Copy out the full set of records. Keep every word the same.

Crawled caption data
==========

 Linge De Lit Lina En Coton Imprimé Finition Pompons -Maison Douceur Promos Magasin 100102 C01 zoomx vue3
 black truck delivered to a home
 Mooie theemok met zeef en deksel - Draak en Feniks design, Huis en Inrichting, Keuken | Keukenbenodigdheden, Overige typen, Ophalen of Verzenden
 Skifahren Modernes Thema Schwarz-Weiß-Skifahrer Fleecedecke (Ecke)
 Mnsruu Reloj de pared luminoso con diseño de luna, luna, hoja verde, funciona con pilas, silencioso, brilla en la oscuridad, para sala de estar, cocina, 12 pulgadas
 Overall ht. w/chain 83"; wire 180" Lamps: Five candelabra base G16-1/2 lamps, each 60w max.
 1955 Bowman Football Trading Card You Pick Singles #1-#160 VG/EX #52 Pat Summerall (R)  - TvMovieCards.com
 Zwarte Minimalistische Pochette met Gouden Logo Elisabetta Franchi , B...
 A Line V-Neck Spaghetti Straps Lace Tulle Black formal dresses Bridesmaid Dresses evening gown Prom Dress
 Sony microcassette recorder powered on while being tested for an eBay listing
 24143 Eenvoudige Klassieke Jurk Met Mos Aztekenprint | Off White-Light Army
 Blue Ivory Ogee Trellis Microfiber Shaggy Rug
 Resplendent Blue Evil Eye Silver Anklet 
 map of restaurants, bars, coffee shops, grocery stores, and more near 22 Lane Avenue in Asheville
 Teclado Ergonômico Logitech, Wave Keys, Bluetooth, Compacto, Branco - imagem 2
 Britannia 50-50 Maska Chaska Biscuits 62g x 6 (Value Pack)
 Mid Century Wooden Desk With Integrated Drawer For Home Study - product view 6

==========

▶ FINISHED TASK:
 Linge De Lit Lina En Coton Imprimé Finition Pompons -Maison Douceur Promos Magasin 100102 C01 zoomx vue3
 black truck delivered to a home
 Mooie theemok met zeef en deksel - Draak en Feniks design, Huis en Inrichting, Keuken | Keukenbenodigdheden, Overige typen, Ophalen of Verzenden
 Skifahren Modernes Thema Schwarz-Weiß-Skifahrer Fleecedecke (Ecke)
 Mnsruu Reloj de pared luminoso con diseño de luna, luna, hoja verde, funciona con pilas, silencioso, brilla en la oscuridad, para sala de estar, cocina, 12 pulgadas
 Overall ht. w/chain 83"; wire 180" Lamps: Five candelabra base G16-1/2 lamps, each 60w max.
 1955 Bowman Football Trading Card You Pick Singles #1-#160 VG/EX #52 Pat Summerall (R)  - TvMovieCards.com
 Zwarte Minimalistische Pochette met Gouden Logo Elisabetta Franchi , B...
 A Line V-Neck Spaghetti Straps Lace Tulle Black formal dresses Bridesmaid Dresses evening gown Prom Dress
 Sony microcassette recorder powered on while being tested for an eBay listing
 24143 Eenvoudige Klassieke Jurk Met Mos Aztekenprint | Off White-Light Army
 Blue Ivory Ogee Trellis Microfiber Shaggy Rug
 Resplendent Blue Evil Eye Silver Anklet 
 map of restaurants, bars, coffee shops, grocery stores, and more near 22 Lane Avenue in Asheville
 Teclado Ergonômico Logitech, Wave Keys, Bluetooth, Compacto, Branco - imagem 2
 Britannia 50-50 Maska Chaska Biscuits 62g x 6 (Value Pack)
 Mid Century Wooden Desk With Integrated Drawer For Home Study - product view 6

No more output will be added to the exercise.